■ Work task
Only the lines from the line containing "Property building in RedDoorz at Paris Ocean" to the end of the material belong in the copy; set them down exactly, without pictures.

■ Supplied material
>>

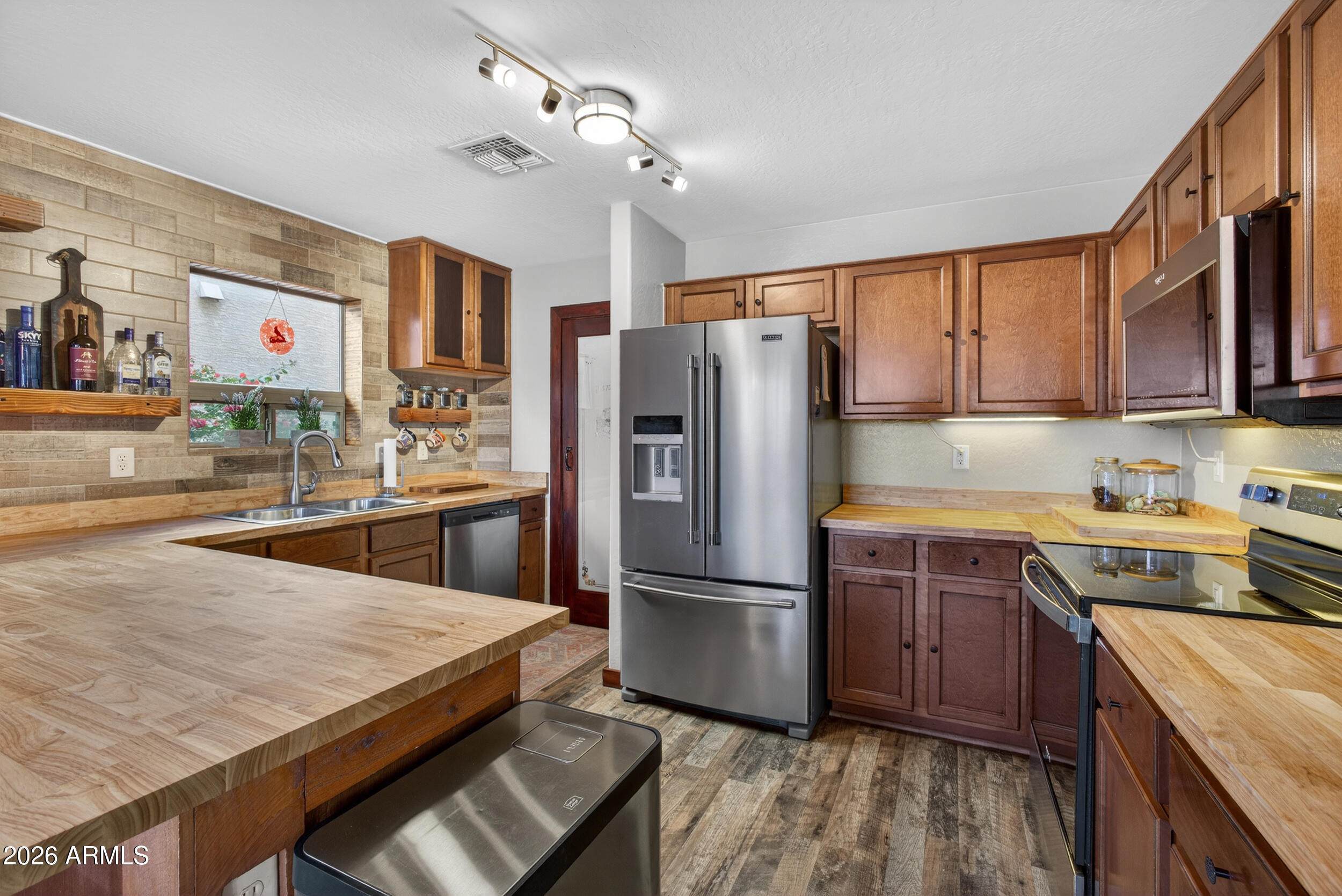 20594 N TAMMY Street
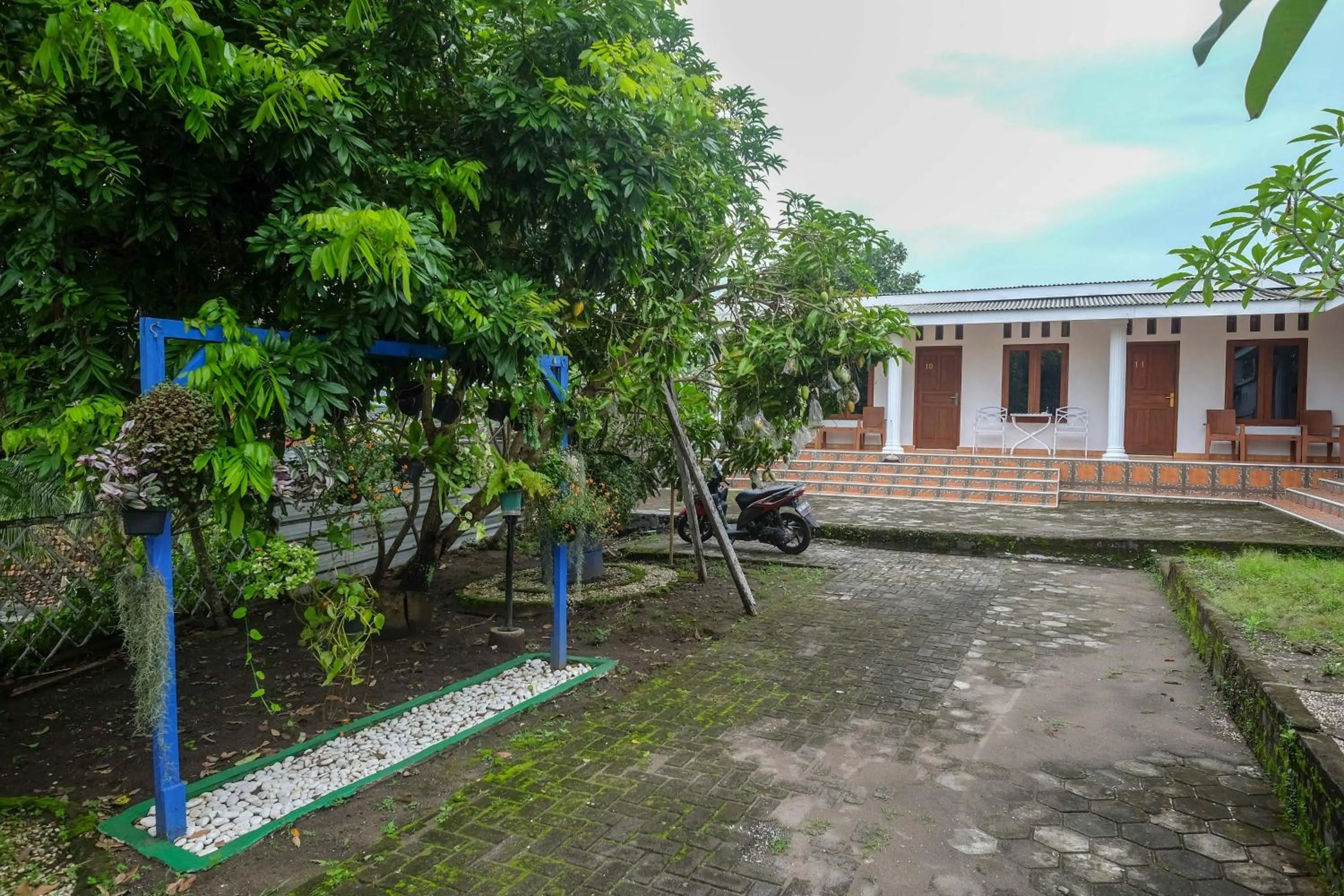 Property building in RedDoorz at Paris Ocean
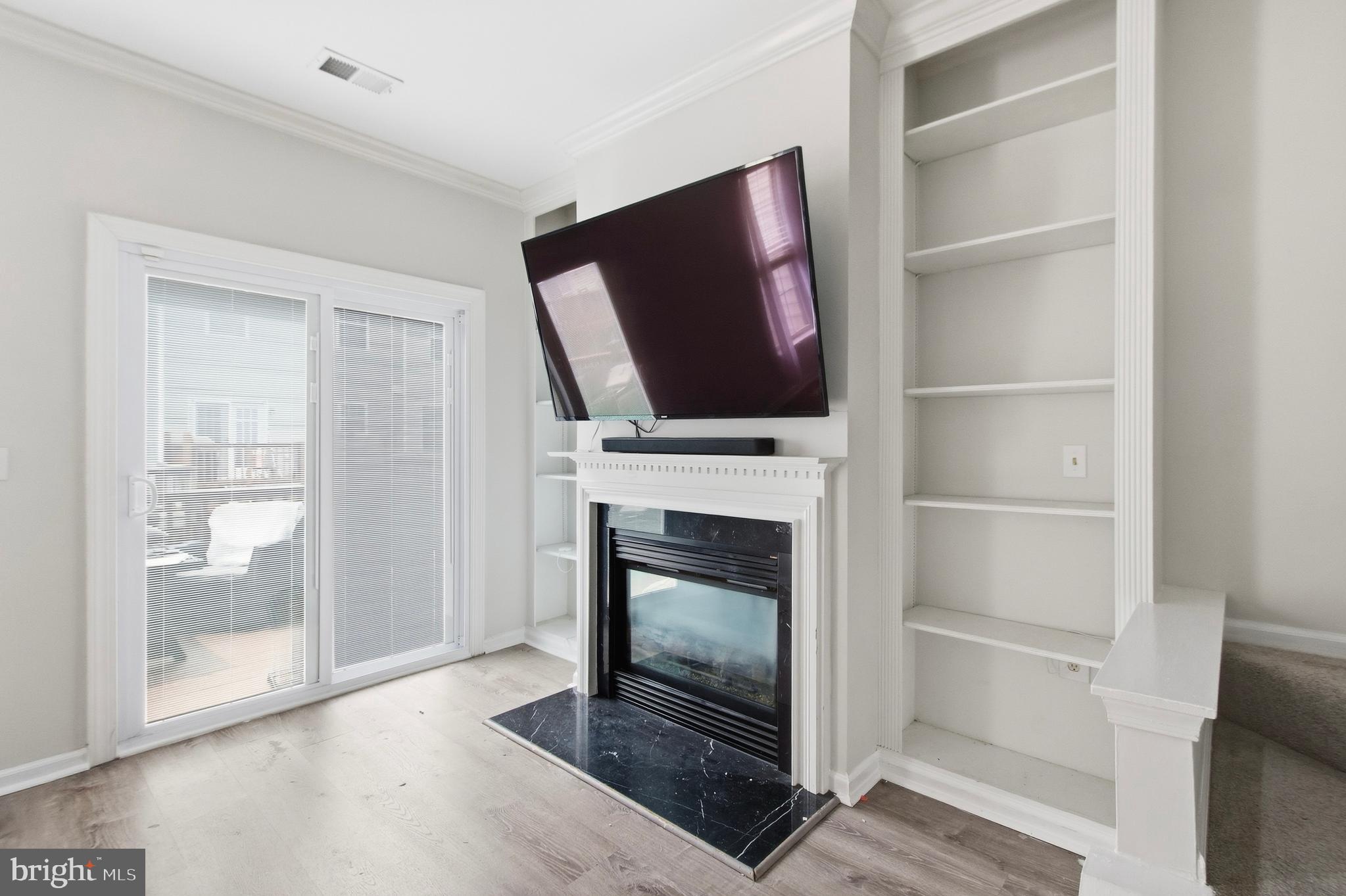 WELLFLEET MEWS - Residential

<<

■ Task result
 Property building in RedDoorz at Paris Ocean
 WELLFLEET MEWS - Residential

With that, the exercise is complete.